* **Available data**:
□ □ □ □ □ □ □
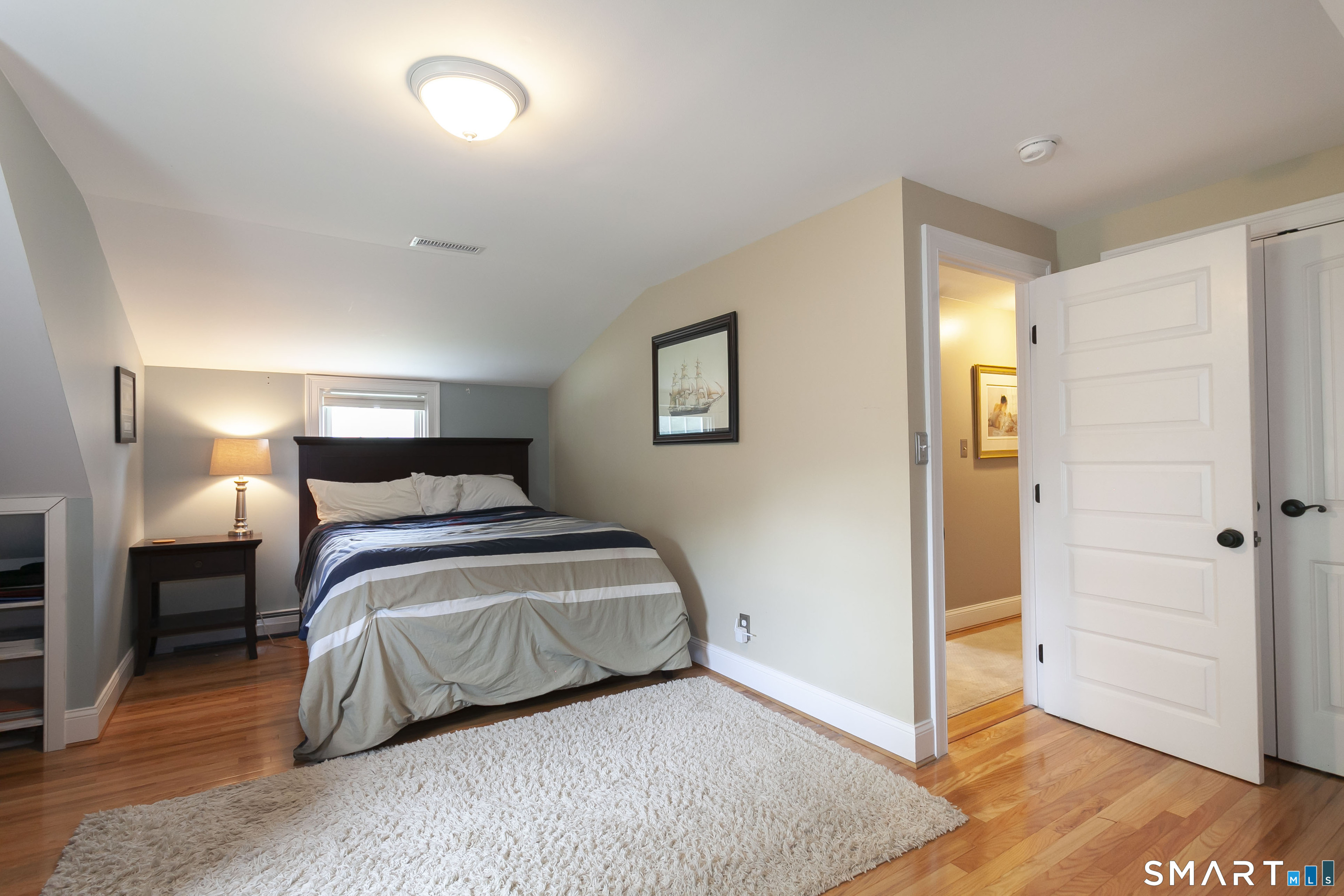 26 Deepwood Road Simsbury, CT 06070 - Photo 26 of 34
□ □ □ □ □ □ □
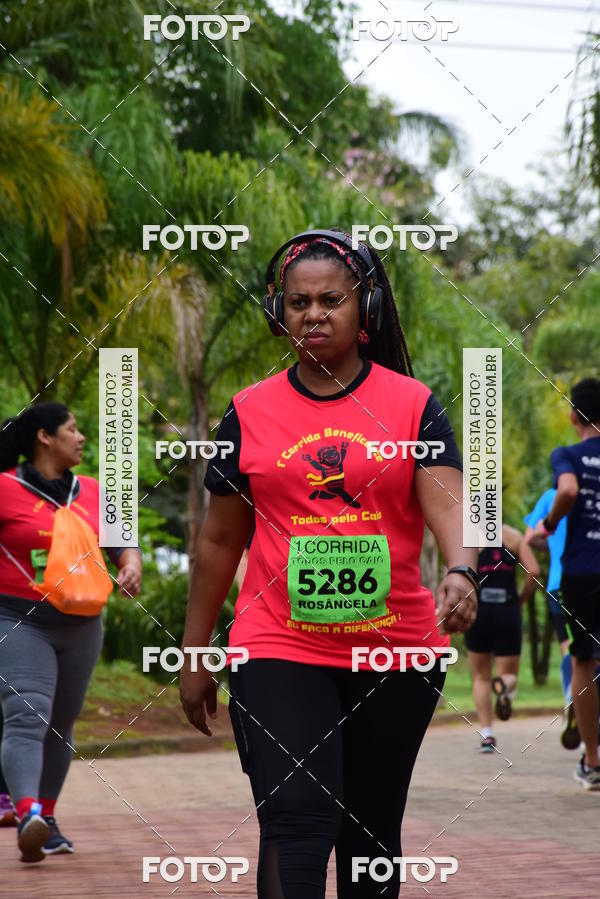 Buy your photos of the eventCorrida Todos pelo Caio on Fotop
□ □ □ □ □ □ □
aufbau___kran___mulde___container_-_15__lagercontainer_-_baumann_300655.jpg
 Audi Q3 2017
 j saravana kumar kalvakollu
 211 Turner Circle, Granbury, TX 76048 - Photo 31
□ □ □ □ □ □ □
* **Assignment**:
Taking the line with "j saravana kumar kalvakollu" as the first and the line with "211 Turner Circle, Granbury, TX" as the last, retype that stretch of the data above exactly, with no other lines.

* **Response to this exercise**:
 j saravana kumar kalvakollu
 211 Turner Circle, Granbury, TX 76048 - Photo 31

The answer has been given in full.